未読山の中から、遺伝の概念史の論文を読む。文献は、Pearson, Roger, “The Concept of Heredity in the History of Western Culture: Part One”, The Mankind Quarterly, 35(1995), no.3, 229-256.

Herrnstein と Murray が1994年に出版した『ベル・カーヴ』という書物は、アメリカで激しい論争を呼んだ。私はこの書物を読んでいないし、ましてや論争の概略についての知識はないが、「正規分布曲線」という名称が示すように、人間の知性は生まれたときに不平等に分配されており、これは遺伝に関係があり、そして人種とも関係があるという主張をした書物である。
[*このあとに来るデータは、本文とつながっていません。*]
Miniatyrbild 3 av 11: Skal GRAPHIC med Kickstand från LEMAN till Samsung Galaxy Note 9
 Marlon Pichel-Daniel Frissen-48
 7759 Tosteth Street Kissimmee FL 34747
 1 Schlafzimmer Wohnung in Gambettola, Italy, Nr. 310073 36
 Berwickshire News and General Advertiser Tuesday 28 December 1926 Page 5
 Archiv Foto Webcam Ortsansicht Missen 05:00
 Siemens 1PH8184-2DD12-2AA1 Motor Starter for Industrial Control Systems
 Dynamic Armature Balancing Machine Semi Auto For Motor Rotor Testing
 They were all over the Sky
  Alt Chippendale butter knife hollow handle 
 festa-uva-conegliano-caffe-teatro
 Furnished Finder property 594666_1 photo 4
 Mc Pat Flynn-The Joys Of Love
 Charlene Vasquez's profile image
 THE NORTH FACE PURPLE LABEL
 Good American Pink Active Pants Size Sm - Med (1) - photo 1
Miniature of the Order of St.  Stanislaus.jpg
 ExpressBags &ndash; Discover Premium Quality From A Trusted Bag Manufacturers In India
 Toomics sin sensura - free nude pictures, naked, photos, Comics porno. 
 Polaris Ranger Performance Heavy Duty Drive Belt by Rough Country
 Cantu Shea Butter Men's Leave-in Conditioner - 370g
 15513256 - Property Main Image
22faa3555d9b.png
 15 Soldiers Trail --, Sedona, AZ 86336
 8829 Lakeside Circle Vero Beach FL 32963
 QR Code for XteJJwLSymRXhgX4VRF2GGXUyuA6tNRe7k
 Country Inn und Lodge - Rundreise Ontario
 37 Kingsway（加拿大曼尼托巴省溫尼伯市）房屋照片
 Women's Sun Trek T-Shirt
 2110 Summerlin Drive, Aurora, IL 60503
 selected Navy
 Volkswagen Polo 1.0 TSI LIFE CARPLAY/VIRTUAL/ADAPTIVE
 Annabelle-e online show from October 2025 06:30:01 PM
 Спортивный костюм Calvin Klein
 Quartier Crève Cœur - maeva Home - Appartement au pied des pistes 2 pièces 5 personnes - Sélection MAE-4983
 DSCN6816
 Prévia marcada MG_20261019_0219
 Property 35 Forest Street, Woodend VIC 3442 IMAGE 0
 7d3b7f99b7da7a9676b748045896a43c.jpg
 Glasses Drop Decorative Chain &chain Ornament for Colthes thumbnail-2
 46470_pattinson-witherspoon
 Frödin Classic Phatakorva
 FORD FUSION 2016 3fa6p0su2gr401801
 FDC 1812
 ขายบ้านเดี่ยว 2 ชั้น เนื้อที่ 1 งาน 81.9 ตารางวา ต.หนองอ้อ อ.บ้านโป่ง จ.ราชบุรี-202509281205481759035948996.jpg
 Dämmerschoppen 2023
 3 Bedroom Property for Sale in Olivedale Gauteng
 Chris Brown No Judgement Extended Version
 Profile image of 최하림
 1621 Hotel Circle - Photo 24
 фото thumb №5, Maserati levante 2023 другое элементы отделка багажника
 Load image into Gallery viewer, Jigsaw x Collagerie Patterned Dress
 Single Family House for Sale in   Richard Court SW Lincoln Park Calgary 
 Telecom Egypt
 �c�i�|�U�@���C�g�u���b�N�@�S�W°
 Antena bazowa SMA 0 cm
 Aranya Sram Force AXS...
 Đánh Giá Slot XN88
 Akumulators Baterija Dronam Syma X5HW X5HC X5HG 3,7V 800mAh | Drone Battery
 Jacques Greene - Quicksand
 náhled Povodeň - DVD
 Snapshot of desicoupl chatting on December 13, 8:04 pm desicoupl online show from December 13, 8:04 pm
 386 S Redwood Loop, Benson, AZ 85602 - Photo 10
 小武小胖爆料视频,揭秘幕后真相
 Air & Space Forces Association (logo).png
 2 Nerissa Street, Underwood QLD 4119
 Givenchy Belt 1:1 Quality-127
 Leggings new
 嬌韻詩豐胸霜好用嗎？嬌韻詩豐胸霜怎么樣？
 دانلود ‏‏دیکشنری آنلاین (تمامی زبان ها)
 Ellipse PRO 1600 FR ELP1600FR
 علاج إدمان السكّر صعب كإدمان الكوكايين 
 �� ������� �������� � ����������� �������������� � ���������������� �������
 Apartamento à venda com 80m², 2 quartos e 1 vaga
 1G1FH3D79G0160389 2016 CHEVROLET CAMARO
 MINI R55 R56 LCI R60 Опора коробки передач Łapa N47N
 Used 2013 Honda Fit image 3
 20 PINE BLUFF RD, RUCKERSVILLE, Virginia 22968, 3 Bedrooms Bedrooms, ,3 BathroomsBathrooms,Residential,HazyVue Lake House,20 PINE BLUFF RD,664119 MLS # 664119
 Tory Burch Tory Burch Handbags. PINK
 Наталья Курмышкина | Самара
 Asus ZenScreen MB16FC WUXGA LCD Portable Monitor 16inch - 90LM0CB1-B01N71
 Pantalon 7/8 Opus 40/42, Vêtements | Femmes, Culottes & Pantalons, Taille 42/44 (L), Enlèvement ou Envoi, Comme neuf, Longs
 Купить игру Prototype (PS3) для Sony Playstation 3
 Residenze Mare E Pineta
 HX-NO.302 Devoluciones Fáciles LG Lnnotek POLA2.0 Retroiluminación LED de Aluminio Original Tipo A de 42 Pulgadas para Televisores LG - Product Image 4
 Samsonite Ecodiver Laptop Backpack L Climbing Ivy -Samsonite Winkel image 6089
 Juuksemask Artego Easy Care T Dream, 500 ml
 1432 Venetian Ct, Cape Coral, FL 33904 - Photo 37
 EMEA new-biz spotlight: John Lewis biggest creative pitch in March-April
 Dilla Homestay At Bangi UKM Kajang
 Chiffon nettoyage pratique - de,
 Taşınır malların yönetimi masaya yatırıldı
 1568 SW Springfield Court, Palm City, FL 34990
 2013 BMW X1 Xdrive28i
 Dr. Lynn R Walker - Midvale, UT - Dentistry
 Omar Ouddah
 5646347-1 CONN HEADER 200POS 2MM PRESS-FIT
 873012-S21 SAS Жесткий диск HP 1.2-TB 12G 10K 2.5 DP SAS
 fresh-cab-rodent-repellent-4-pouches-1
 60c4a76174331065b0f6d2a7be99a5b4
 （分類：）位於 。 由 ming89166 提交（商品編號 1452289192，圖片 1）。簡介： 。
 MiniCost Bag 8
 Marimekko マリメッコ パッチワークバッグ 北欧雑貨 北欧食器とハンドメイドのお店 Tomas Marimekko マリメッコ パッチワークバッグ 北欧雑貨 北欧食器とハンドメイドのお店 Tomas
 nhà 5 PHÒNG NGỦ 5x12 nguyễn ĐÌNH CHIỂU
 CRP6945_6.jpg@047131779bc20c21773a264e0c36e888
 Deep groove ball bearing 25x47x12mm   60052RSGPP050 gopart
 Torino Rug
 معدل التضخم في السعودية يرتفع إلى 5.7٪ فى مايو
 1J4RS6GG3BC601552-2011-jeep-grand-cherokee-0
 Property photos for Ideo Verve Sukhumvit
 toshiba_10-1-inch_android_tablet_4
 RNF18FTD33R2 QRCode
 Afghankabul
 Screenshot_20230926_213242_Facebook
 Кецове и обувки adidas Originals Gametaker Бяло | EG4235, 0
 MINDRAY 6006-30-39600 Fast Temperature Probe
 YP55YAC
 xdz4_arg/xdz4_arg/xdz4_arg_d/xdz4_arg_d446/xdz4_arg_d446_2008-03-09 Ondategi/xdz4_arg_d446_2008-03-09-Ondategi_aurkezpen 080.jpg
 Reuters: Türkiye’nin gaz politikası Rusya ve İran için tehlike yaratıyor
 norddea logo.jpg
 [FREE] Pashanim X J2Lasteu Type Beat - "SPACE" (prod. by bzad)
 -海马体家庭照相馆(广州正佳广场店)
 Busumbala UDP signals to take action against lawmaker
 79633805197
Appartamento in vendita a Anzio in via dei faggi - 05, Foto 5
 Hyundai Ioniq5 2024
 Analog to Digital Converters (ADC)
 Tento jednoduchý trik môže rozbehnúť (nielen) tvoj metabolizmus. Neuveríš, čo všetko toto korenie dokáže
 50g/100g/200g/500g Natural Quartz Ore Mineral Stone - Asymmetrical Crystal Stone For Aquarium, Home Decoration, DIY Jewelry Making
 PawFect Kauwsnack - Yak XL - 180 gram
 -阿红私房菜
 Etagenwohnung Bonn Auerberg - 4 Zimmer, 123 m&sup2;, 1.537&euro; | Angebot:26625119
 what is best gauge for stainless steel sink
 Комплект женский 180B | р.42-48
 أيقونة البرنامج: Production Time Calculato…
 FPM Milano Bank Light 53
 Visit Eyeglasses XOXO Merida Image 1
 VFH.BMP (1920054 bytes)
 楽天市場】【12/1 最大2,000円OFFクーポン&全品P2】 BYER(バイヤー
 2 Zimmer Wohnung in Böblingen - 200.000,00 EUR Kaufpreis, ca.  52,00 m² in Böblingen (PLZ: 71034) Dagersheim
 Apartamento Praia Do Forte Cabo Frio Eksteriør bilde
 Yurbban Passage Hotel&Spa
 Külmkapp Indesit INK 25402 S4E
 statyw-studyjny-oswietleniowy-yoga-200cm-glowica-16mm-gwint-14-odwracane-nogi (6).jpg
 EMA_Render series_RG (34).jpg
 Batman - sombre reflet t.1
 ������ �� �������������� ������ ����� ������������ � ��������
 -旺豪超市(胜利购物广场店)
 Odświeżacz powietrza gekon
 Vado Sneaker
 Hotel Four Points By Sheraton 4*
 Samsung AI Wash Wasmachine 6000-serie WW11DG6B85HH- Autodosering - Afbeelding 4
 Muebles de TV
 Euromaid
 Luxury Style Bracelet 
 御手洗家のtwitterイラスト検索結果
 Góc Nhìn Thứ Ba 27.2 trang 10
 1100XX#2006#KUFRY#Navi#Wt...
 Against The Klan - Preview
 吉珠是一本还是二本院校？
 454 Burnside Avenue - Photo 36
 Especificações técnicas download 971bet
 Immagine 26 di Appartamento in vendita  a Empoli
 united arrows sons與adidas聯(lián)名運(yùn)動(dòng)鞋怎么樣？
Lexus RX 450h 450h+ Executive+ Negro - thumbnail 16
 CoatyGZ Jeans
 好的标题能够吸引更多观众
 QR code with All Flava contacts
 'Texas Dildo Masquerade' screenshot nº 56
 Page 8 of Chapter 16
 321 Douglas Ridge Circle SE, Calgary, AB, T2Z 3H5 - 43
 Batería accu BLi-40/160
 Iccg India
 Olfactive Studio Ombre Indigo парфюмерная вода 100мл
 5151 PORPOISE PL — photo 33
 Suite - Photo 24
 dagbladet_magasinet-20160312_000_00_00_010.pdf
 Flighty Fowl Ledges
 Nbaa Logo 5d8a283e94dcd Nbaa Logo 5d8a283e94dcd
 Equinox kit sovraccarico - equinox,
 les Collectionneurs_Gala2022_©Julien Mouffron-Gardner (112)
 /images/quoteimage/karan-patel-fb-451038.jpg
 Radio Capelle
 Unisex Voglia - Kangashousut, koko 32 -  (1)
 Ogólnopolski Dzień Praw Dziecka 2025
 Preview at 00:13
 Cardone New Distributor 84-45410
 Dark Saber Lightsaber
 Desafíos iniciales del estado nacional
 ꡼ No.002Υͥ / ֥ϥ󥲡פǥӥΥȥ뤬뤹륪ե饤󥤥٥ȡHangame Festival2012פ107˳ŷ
(この部分、読んでいないので不正確かもしれません。)たとえばS. グールドのベストセラー『人間のはかり間違い』は、『ベル・カーヴ』を激烈に批判した新しい序文をつけて再版されている。

この論文は、『ベル・カーヴ』を擁護する書物である。『ベル・カーヴ』が依拠している論文の多くは、The Mankind Quarterly という雑誌に掲載され、雑誌も批判されたそうで、その雑誌の編集長が、『ベル・カーヴ』とThe Mankind Quarterly の批判者に応えるという動機で書かれている。その動機そのものは、何の問題もないと私は思う。しかし、この論文は、歴史の論文であり、それとしてみると、あまりにナイーヴであり、幼稚であり、基本的な歴史の事実に反していることも間違いない。

基本的な理論立てとしては、科学的な真理として、人間の知的不平等とその遺伝を研究する人々がいて、それに対して、その真理を、政治的・宗教的な動機で抑圧する人々がいるという図式である。前者には、プラトンをはじめとするギリシアの自由で偉大な思想家たちがいて、後者は、神の前の平等を信じるキリスト教や、共産主義などがある。こういった思想は真理を抑圧するだけでなく、実際には偽善的であって、裏では特権の世襲を認めている。現代の教室で教えられている人間の生物学的な平等説も、この真理を抑圧する動きであり、この雑誌を中心に、生物学的な不平等説を支持するデータが集まっているという。 

この道具立て―真理の探求者と、それを抑圧する政治勢力がいる―という概念装置で、ある科学観念の2000年間の歴史を書くことができると、本気で信じているのだろうか? 人間社会は、そんなに単純だと、どうやったら信じることができるのだろうか? 自分の周りと、何よりも、自分自身を見つめて、事態がそんなに単純だと思うとしたら、申し訳ないが、それは、高等教育を受けなおしたほうがいい。 

この論文は、いろいろな使い方ができる。あざけるような使い方はするべきではないだろうし、この論文で、『ベル・カーヴ』擁護派を代表するのは、たぶん間違っている。(論争相手の議論を、その最も強力で説得力がある形で理解し、場合によってはオリジナルよりも強い形にしたうえで、その最強ヴァージョンと戦うというのが、学者としてあるべき論争だと私は信じている。)それよりも、私は、この論文に強烈に現れている、科学者が社会から阻害されているという意識のほうが気になった。